What the exercise asks
From the listing that follows, reproduce only the lines from the one holding "Araza Consultorios Ubicacion - Atlántida" through the one holding "Rating: Explicit Score: 0", both included, with no pictures.

** Opening Information given block **

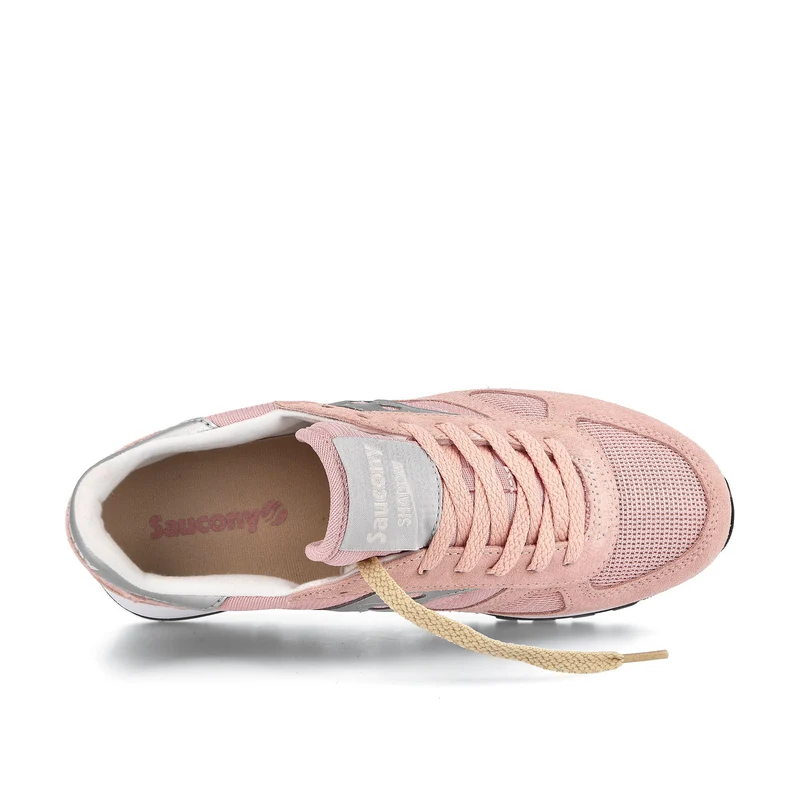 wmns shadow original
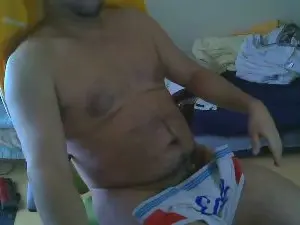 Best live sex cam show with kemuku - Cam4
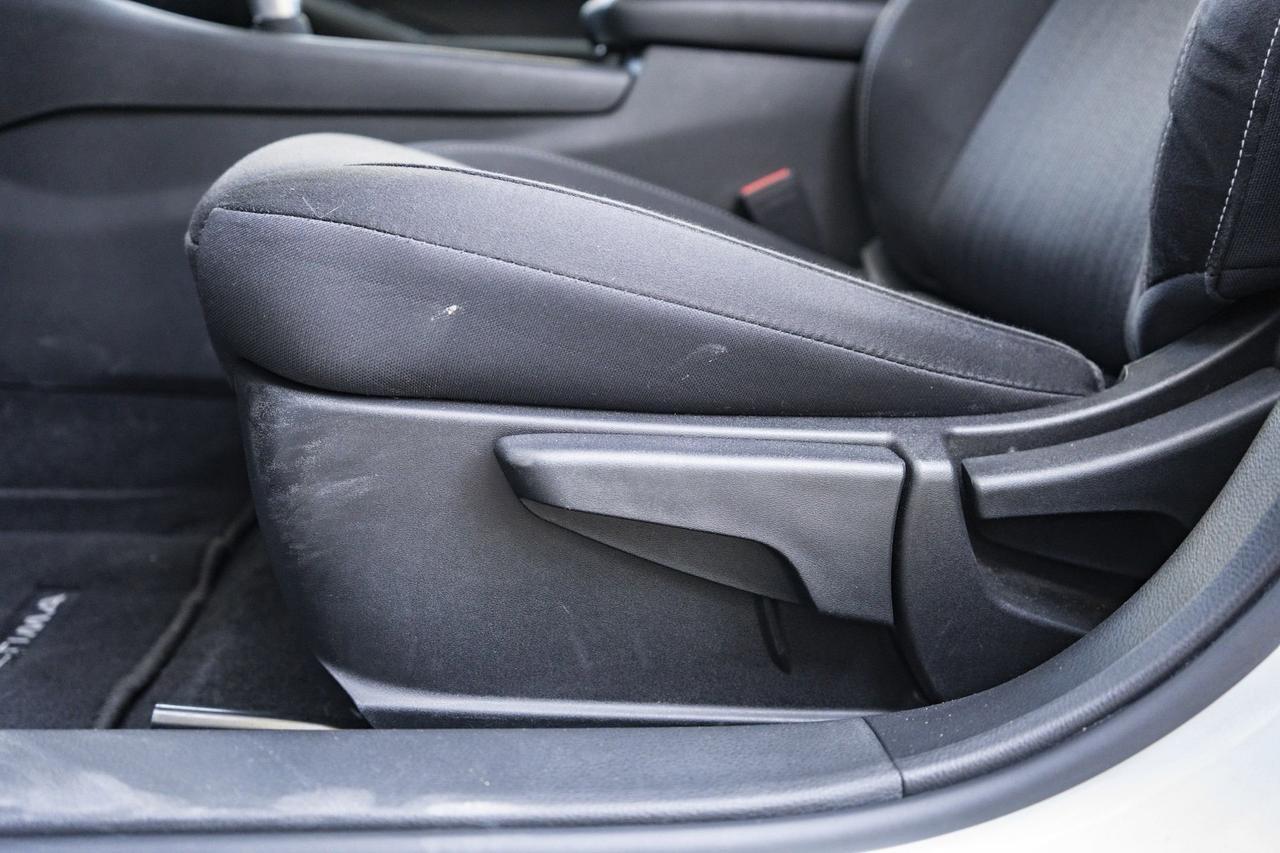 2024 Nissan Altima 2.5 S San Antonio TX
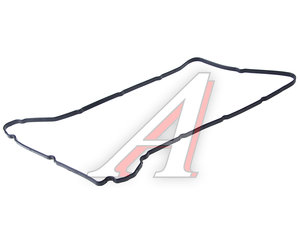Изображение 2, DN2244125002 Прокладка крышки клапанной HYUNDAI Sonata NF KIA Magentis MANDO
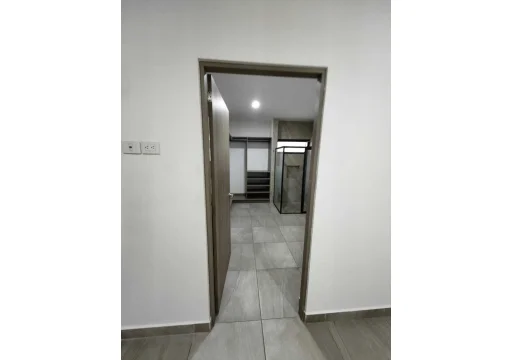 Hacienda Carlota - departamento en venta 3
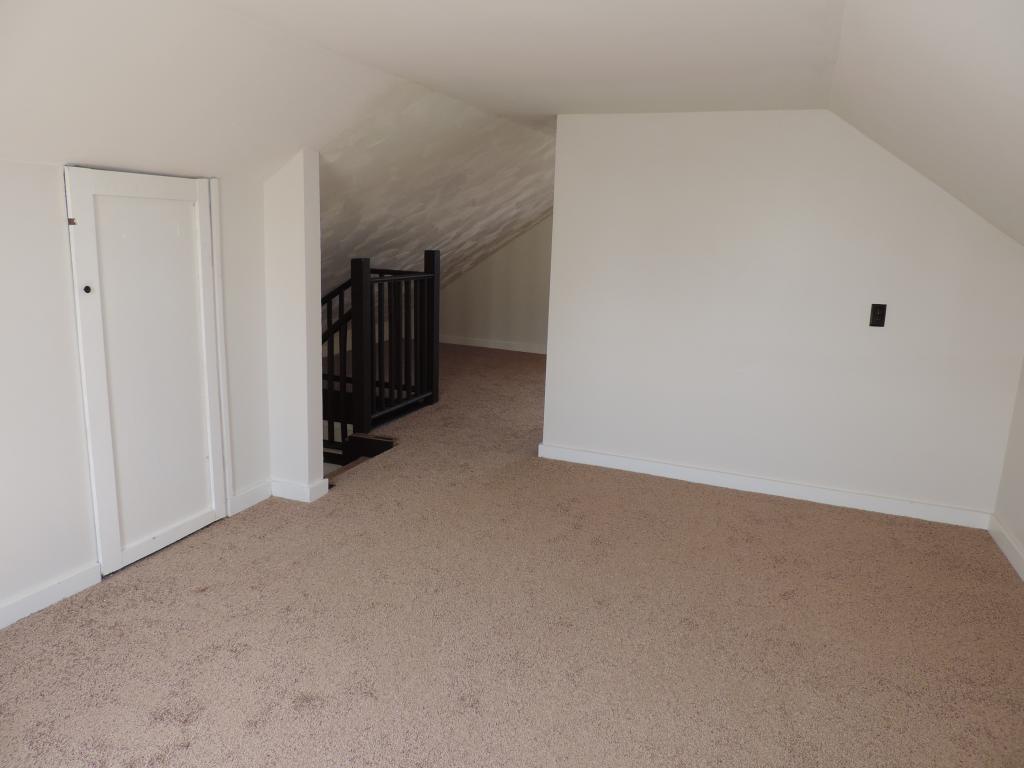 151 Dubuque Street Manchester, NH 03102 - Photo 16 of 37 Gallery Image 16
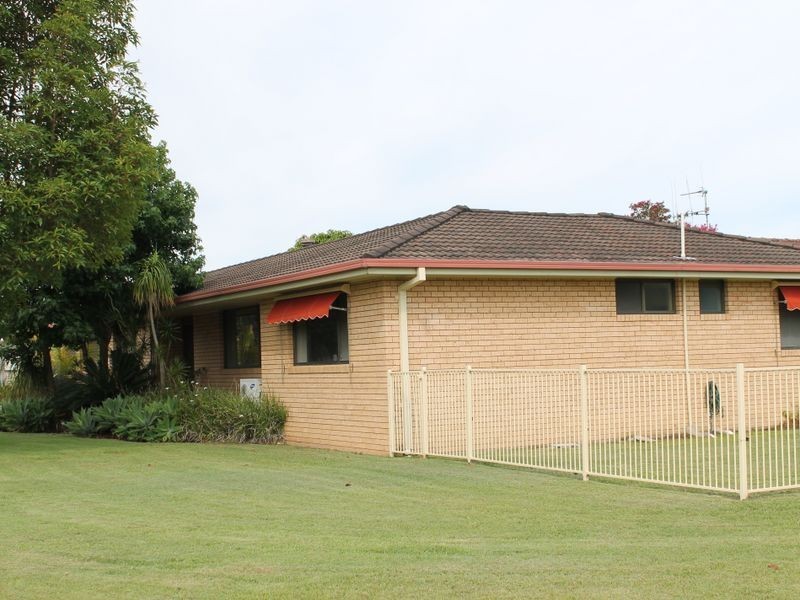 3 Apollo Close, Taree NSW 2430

** Closing Information given block **
** Opening Information given block **

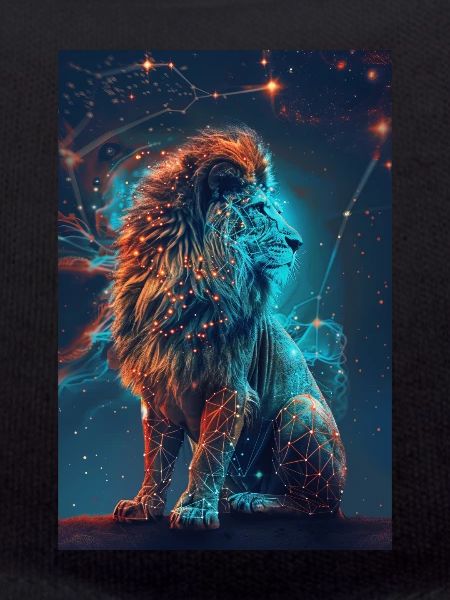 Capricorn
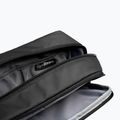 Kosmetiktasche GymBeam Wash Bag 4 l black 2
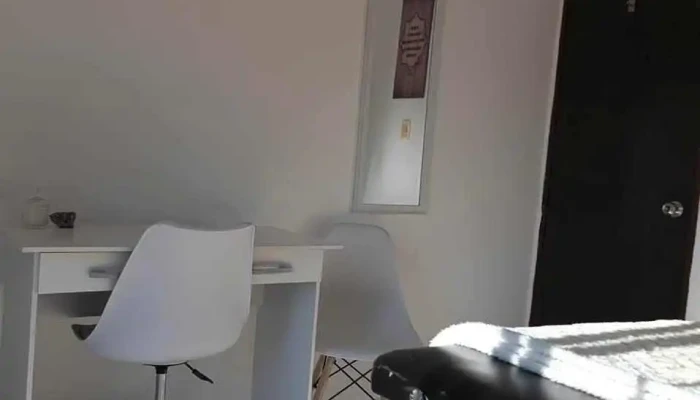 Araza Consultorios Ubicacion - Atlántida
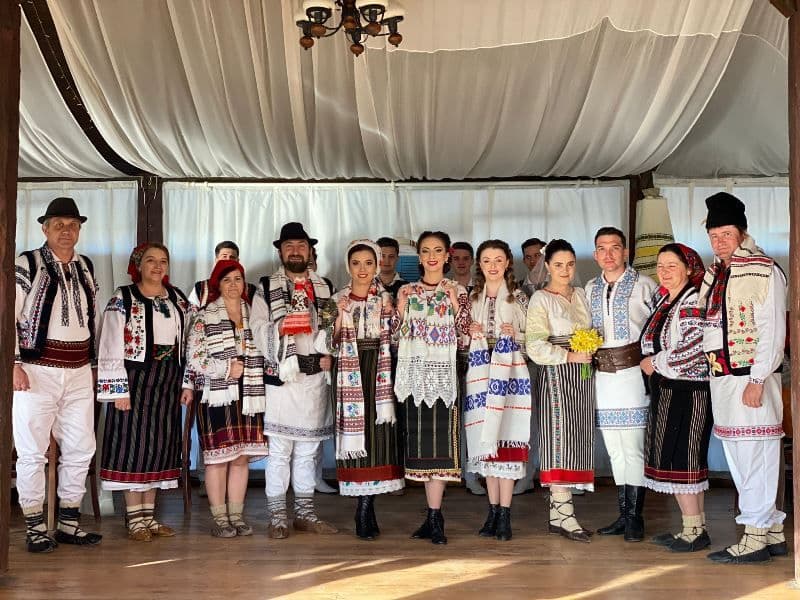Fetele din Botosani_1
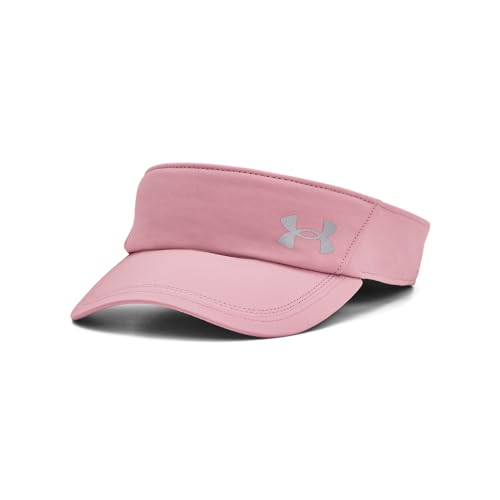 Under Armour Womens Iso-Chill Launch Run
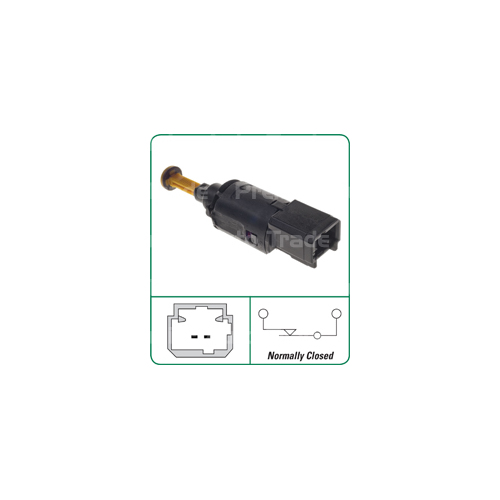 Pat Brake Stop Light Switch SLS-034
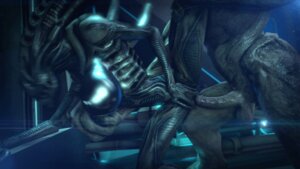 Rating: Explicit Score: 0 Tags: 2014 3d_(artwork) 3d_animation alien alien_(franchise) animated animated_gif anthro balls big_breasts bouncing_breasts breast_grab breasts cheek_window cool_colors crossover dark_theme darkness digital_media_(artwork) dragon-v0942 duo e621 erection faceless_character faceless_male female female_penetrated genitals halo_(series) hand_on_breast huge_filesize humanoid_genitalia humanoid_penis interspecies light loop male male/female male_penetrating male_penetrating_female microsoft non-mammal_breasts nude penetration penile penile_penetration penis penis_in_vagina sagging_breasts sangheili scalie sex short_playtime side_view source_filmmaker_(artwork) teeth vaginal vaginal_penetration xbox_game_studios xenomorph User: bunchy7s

** Closing Information given block **

The completed task
 Araza Consultorios Ubicacion - Atlántida
Fetele din Botosani_1
 Under Armour Womens Iso-Chill Launch Run
 Pat Brake Stop Light Switch SLS-034
 Rating: Explicit Score: 0 Tags: 2014 3d_(artwork) 3d_animation alien alien_(franchise) animated animated_gif anthro balls big_breasts bouncing_breasts breast_grab breasts cheek_window cool_colors crossover dark_theme darkness digital_media_(artwork) dragon-v0942 duo e621 erection faceless_character faceless_male female female_penetrated genitals halo_(series) hand_on_breast huge_filesize humanoid_genitalia humanoid_penis interspecies light loop male male/female male_penetrating male_penetrating_female microsoft non-mammal_breasts nude penetration penile penile_penetration penis penis_in_vagina sagging_breasts sangheili scalie sex short_playtime side_view source_filmmaker_(artwork) teeth vaginal vaginal_penetration xbox_game_studios xenomorph User: bunchy7s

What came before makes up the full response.